AWS went down again last Friday. I wouldn't normally care, I only run non-critical toy projects out of their infrastructure, but I know that it disrupted a friend's wedding and that's just not cool.
Amazon's public statement about the event is fairly detailed and fairly believable. In one of their northern Virginia datacenters "each generator independently failed". They don't state how many generators they have, but their vagueness and references to "primary and backup power generators" seem to indicate that they have two.
Since they had UPS systems, a power outage with generator failure from 7:24pm PDT meant that the datacenter only lost power between 8:04pm PDT and 8:24pm PDT, and apparently many systems had power restored from 8:14pm, PDT. So why was the outage for customers so long?
The majority of EBS servers had been brought up by 12:25am PDT on Saturday. However, for EBS data volumes that had in-flight writes at the time of the power loss, those volumes had the potential to be in an inconsistent state.I always understood that the value of having a UPS was two-fold, you could survive small power interruptions and you could safely shut down so that when power was restored your systems would return without requiring manual intervention. The Amazon cloud does not seem to be good at the latter.

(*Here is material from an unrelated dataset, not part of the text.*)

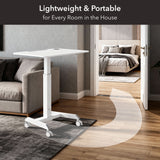 The Mount-It! Sit-Stand Mobile Laptop Cart is shown beside a gray couch, with an arrow highlighting its easy mobility to any room; text reads: Lightweight & Portable for Every Room in the House.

At the most basic level it would seem prudent to force EBS servers to switch to a more cautious mode as soon as grid power is lost. If a server is running on batteries or even on a generator then forcing disks to remain in a consistent state is a pretty basic precaution. How hard is it to mount -o remount,sync automatically? Obviously there's performance degradation with that, but it seems a small price to pay in the rare occasion when there's clear and present risk of data loss. Who wouldn't take an occasional performance hit in exchange for reliable disks and shorter outages?
Bringing back EC2 instances is a harder problem. Fundamentally the machines that run EC2 instances don't know or care much about the VM images that run on them. That's what makes them easy to manage, that's what makes it easy to spin up new images. On the other hand my simple web service that went down for hours last week does simply boot up. Because it's deployed into this automatically managed cloud it has to. Had I been running on my own hardware in the exact same datacenter my downtime would have been on the order of 20 minutes rather than hours.
Because we're building on top of a system involving half a million servers for compute alone we're subject to the complexities of very large scale systems, even for our very simple systems. Each time a set of cascading failures causes extensive downtime we have to ask ourselves if the benefits of such complicated systems outweigh the cost.